_What is expected_: Where the listing below reaches the line containing "To measure temperature, we", start writing out lines exactly, and stop once the line containing "Hi my friends" has been written.

_Material for the task_:
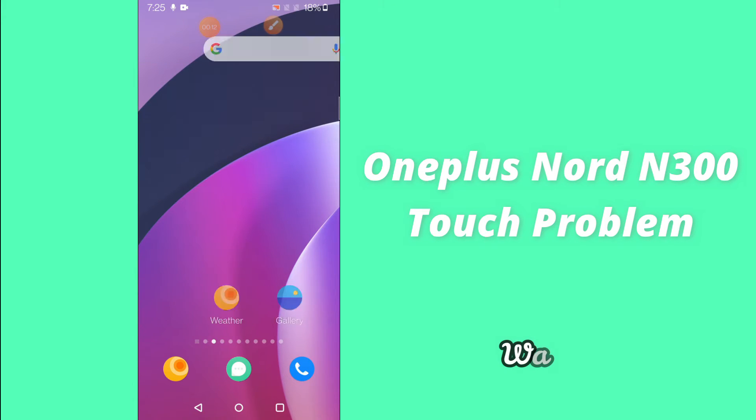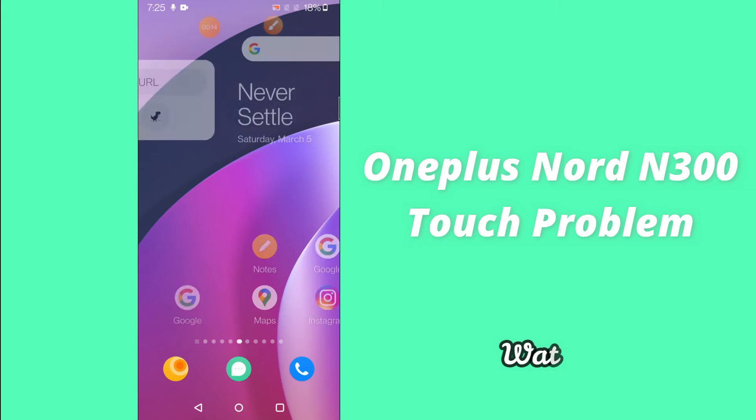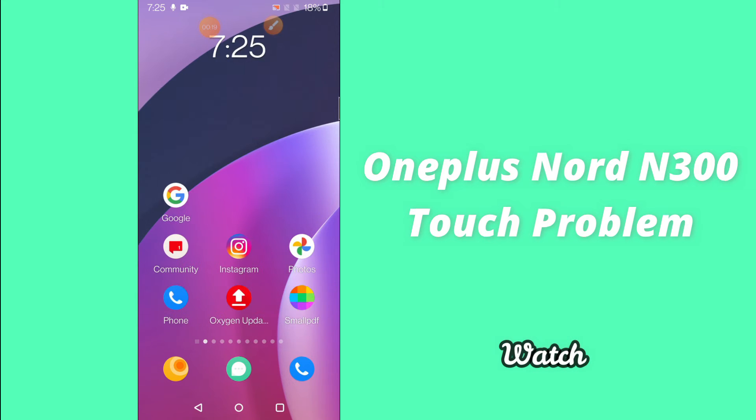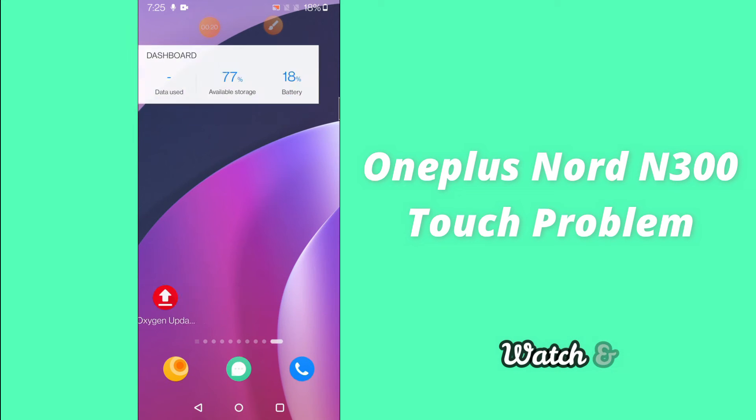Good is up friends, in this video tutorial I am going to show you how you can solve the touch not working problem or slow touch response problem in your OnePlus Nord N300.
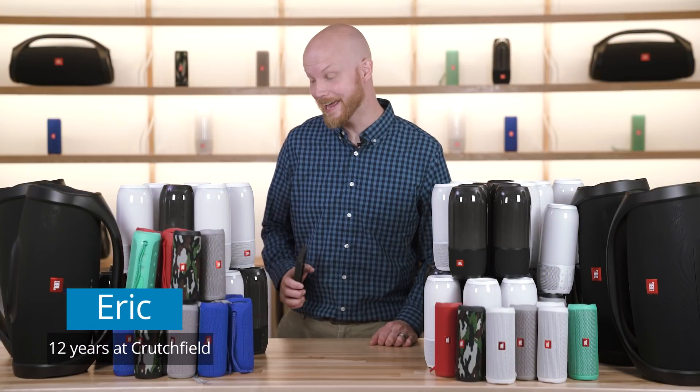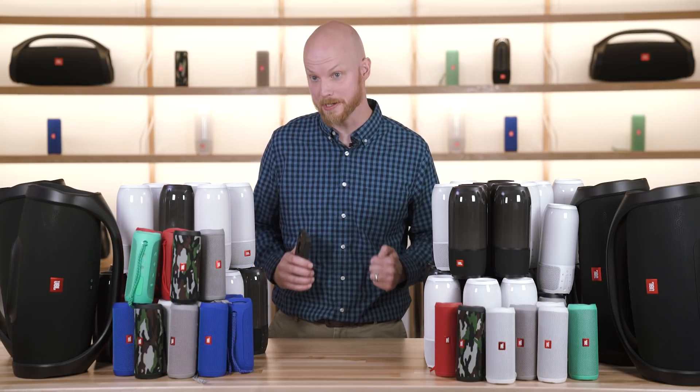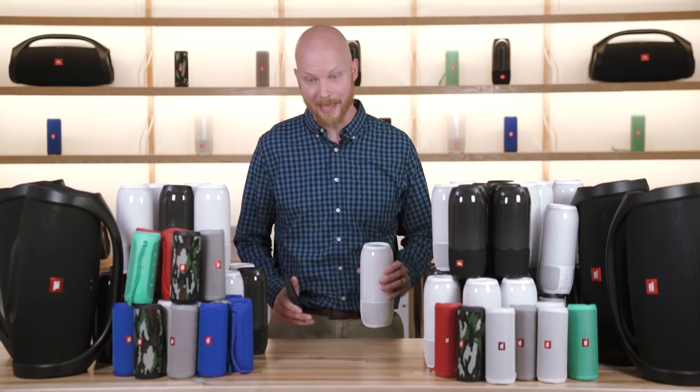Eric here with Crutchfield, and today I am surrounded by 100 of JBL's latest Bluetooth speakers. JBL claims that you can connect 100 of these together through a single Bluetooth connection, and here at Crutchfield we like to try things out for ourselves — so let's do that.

==

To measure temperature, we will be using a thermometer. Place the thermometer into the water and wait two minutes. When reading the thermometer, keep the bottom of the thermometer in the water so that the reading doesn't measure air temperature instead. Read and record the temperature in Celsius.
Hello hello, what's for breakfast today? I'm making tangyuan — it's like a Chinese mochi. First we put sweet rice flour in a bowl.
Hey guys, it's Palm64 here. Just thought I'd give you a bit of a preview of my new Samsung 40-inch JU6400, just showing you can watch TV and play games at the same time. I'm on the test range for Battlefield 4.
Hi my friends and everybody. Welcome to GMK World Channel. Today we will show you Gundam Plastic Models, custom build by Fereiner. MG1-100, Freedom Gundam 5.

_Exercise output_:
To measure temperature, we will be using a thermometer. Place the thermometer into the water and wait two minutes. When reading the thermometer, keep the bottom of the thermometer in the water so that the reading doesn't measure air temperature instead. Read and record the temperature in Celsius.
Hello hello, what's for breakfast today? I'm making tangyuan — it's like a Chinese mochi. First we put sweet rice flour in a bowl.
Hey guys, it's Palm64 here. Just thought I'd give you a bit of a preview of my new Samsung 40-inch JU6400, just showing you can watch TV and play games at the same time. I'm on the test range for Battlefield 4.
Hi my friends and everybody. Welcome to GMK World Channel. Today we will show you Gundam Plastic Models, custom build by Fereiner. MG1-100, Freedom Gundam 5.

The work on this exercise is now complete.